§ ACTION ITEM
Give again only the lines from the line that holds "on holiday 109338725" to the end of the data, inclusive, omitting all pictures.

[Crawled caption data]
BEGIN

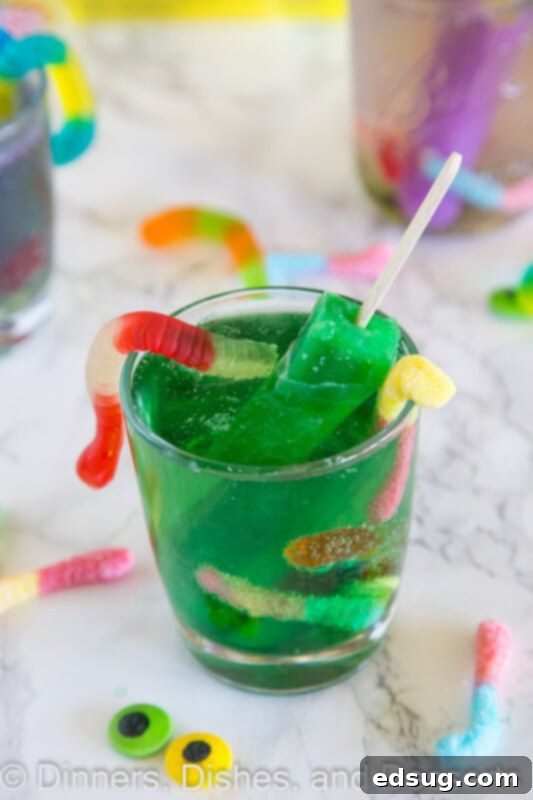 Primal Punch 4 A child's hand holding a glass of green monster juice with a melting popsicle and gummy worms.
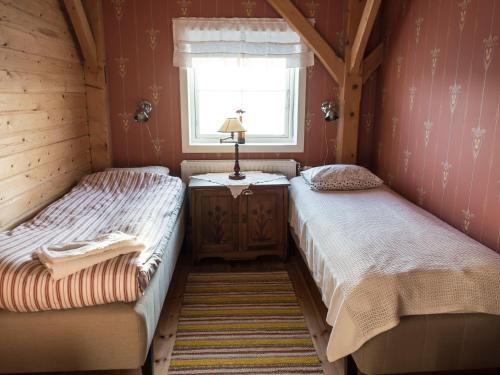 two twin beds in a room with a window at Allsta Gård Kretsloppshuset B&B in Bjärtrå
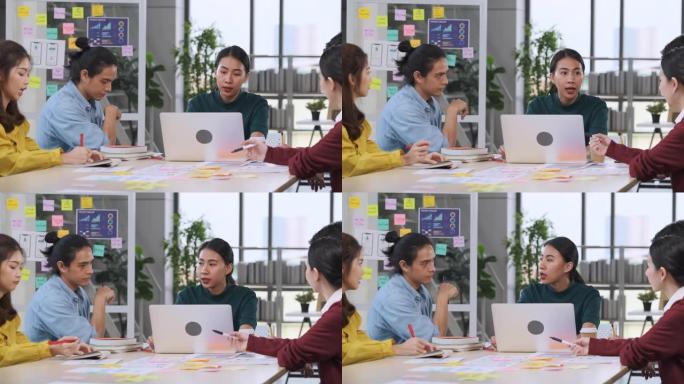 亚洲女性领导者建议ux/ui设计师关于现代办公室桌上的移动应用界面线框设计。创意数字发展机构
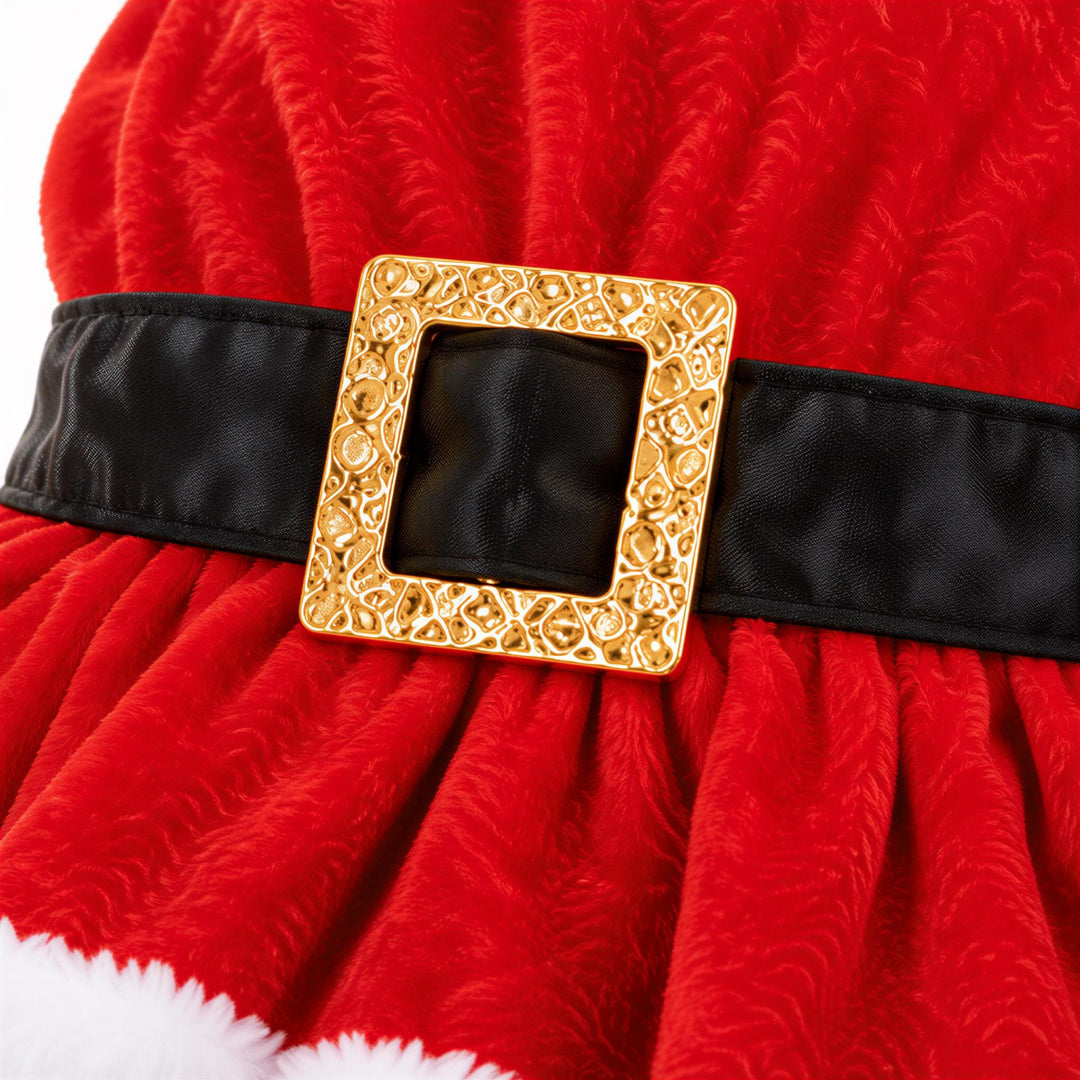 A close-up view of a red fabric with a gold-colored buckle, which appears to be a decorative piece or accessory.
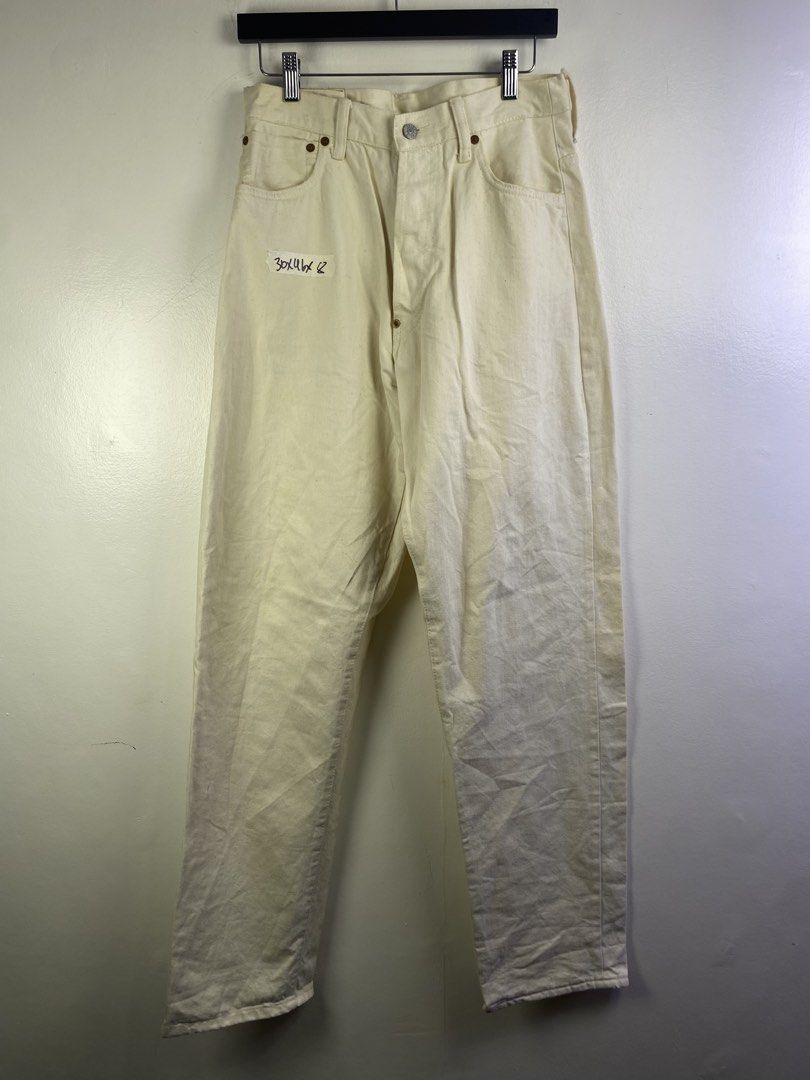 Evisu White Cotton Jeans Size 36 (Category: Jeans) located in Manila. Submitted by declutterpromax (Listing ID 1469201985, Image 1). Description: - Material: 100% cotton white denim - Size: 36 (inner waistband tag) - Fit: Straight leg style - Details: Unique curved back pockets, branded buttons, and thick contrast stitching - Condition: Pre-owned/storage item with some minor yellowing and spots.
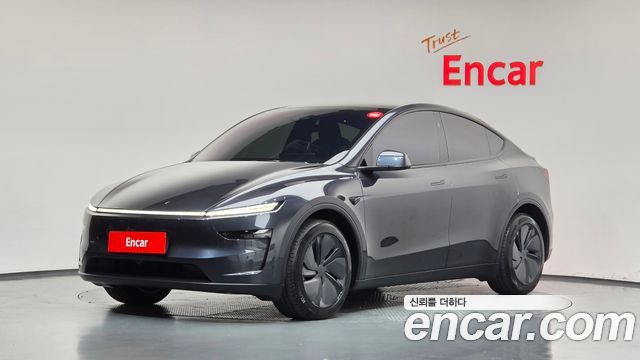 Tesla Model Y 2025 — photo 1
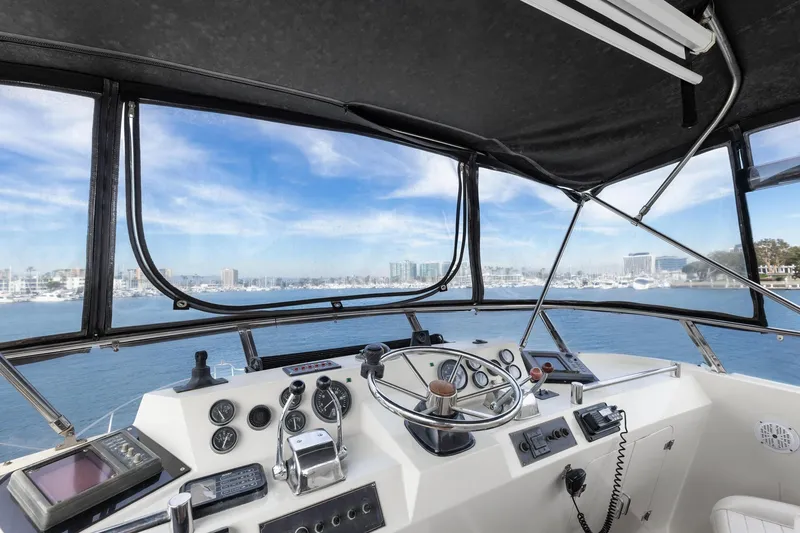 Slide: The Image of 1988 Marine Trader Trawler helm with ocean view, featuring navigation instruments and steering wheel. - 47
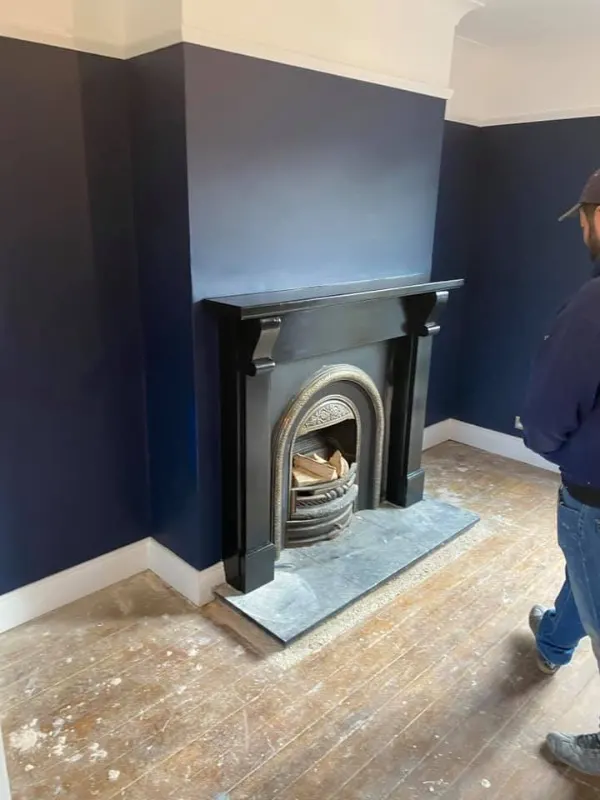 a man standing next to a fireplace in a room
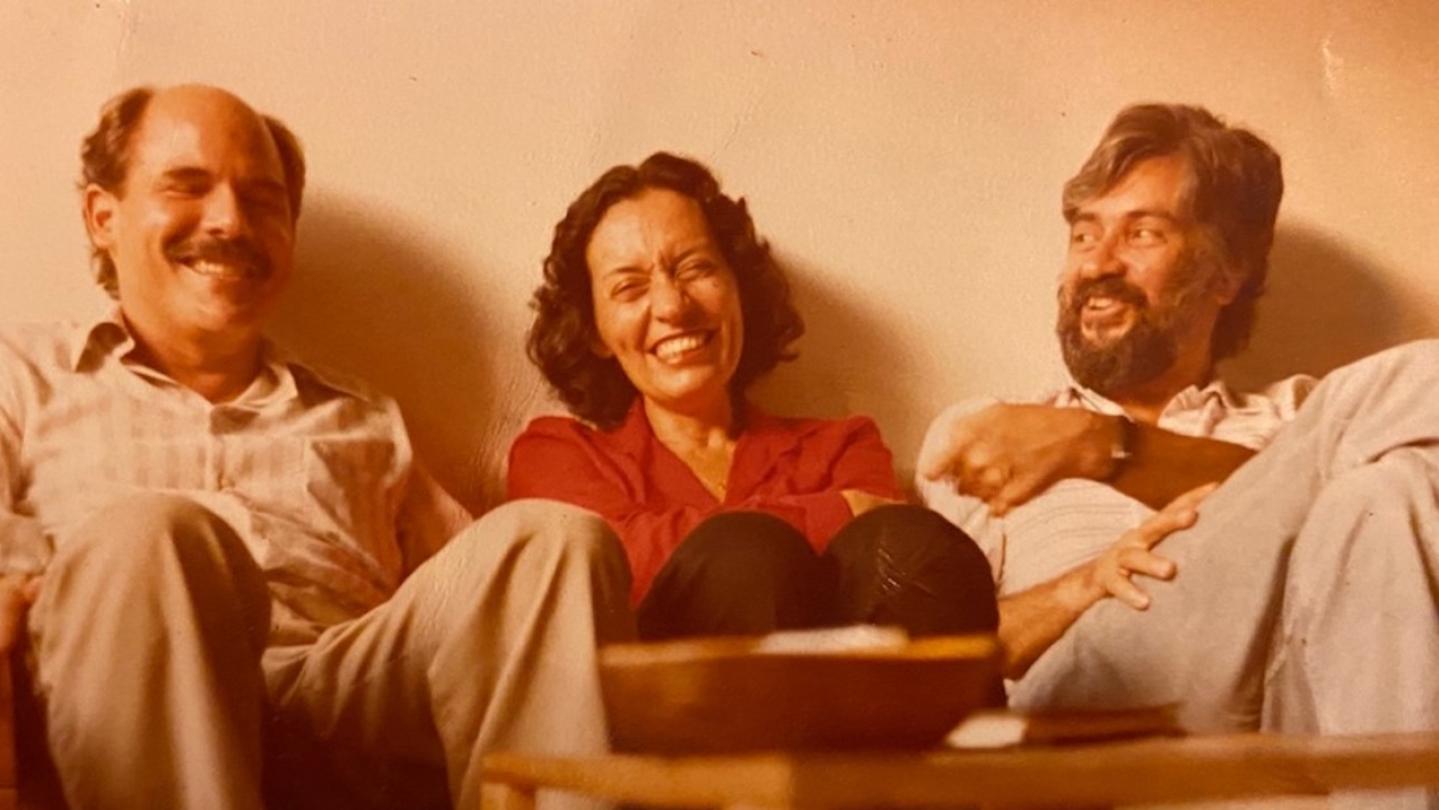 Carlos Diaz-Alejandro, Maria Conceição Tavares, and Edmar Bacha on a couch laughing,in Rio de Janeiro, Brazil in June 1980. Photo courtesy Edmar Bacha.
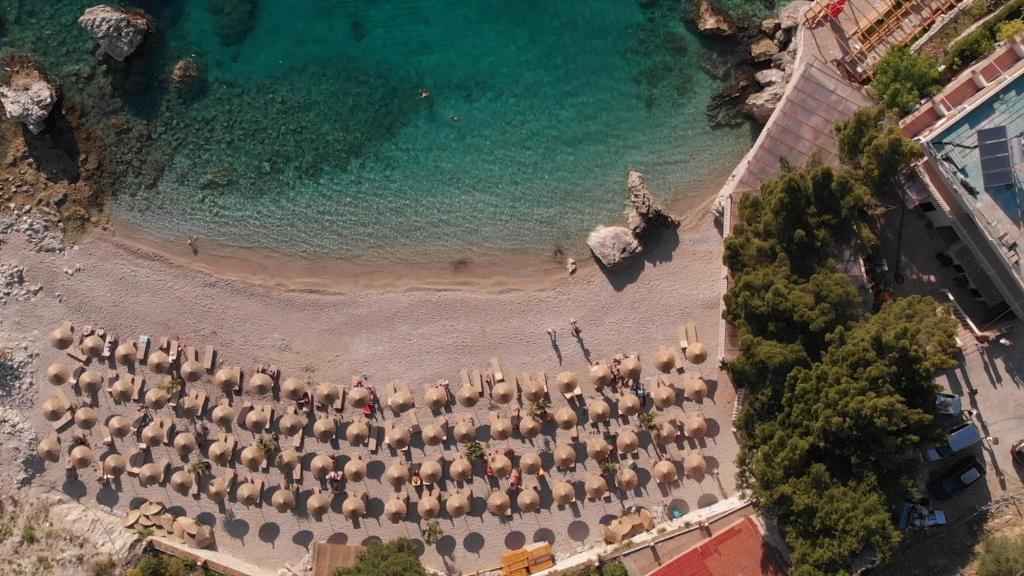 an aerial view of a beach with chairs and umbrellas at Inn Hotel in Vlorë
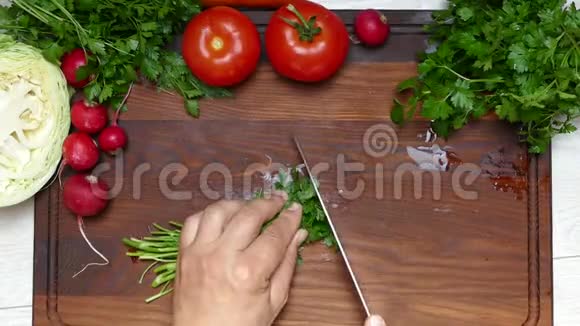 用刀子在切割板上切欧芹和蔬菜视频的预览图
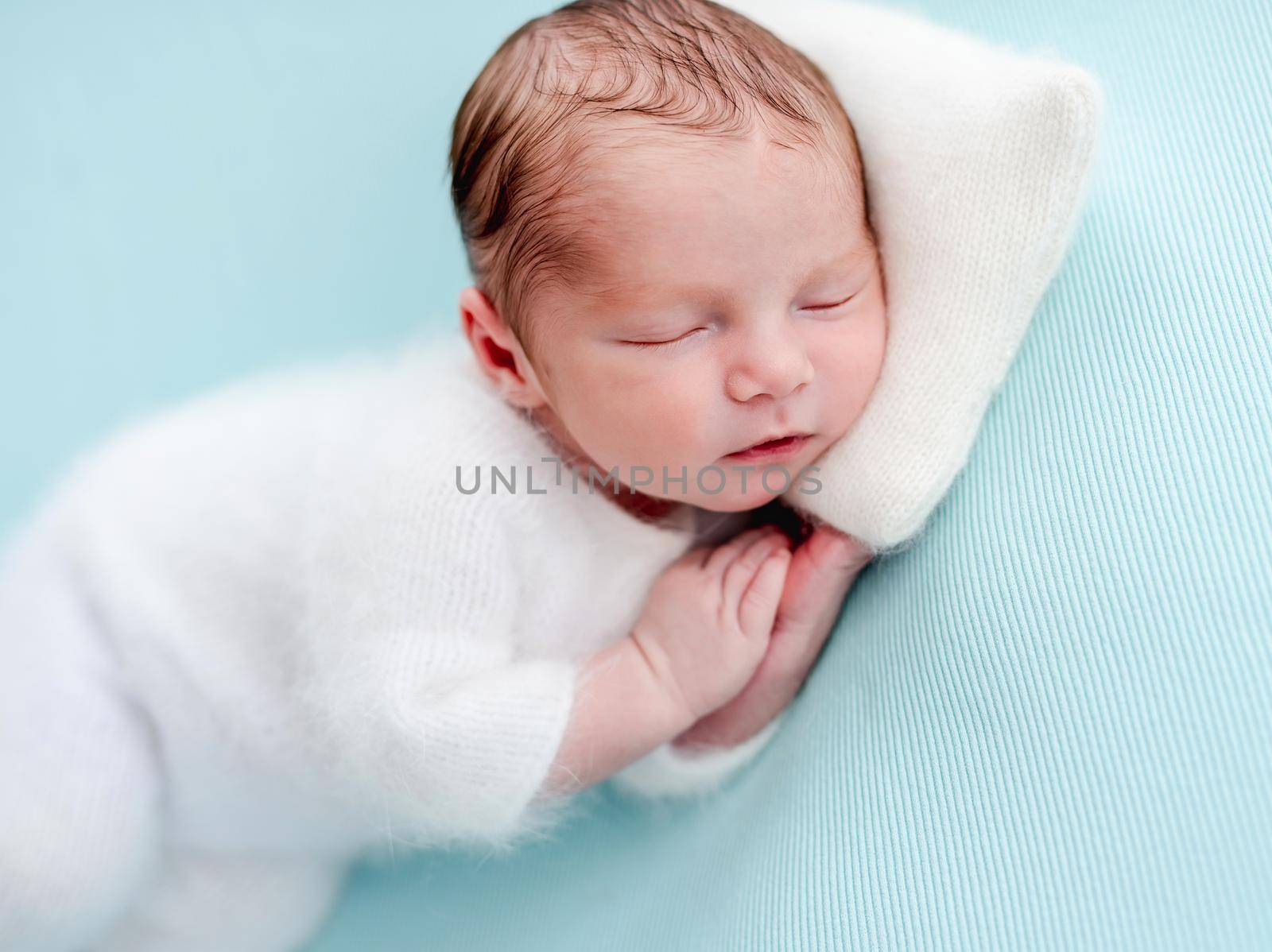 Lovely newborn in white clothes resting with head on tiny pillow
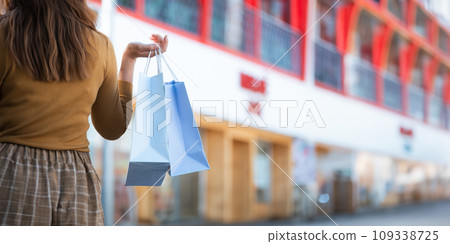 Happy beautiful young stylish woman with shopping bag while walking come out of mall on holiday Happy beautiful young stylish woman with shopping bag while walking come out of mall on holiday 109338725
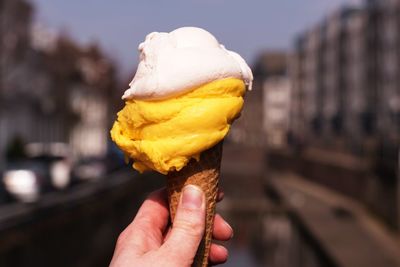 Close-up of hand holding ice cream cone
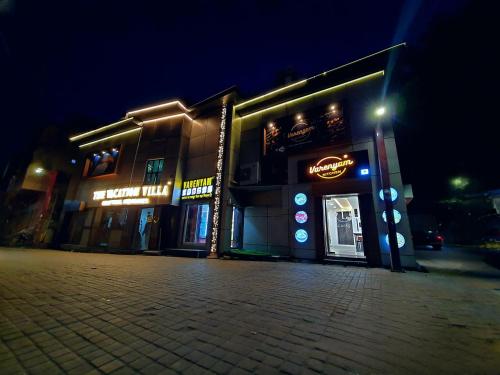 a store on a street at night at The Vacation Villa in Agra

END

§ WRITTEN SOLUTION
 Happy beautiful young stylish woman with shopping bag while walking come out of mall on holiday Happy beautiful young stylish woman with shopping bag while walking come out of mall on holiday 109338725
 Close-up of hand holding ice cream cone
 a store on a street at night at The Vacation Villa in Agra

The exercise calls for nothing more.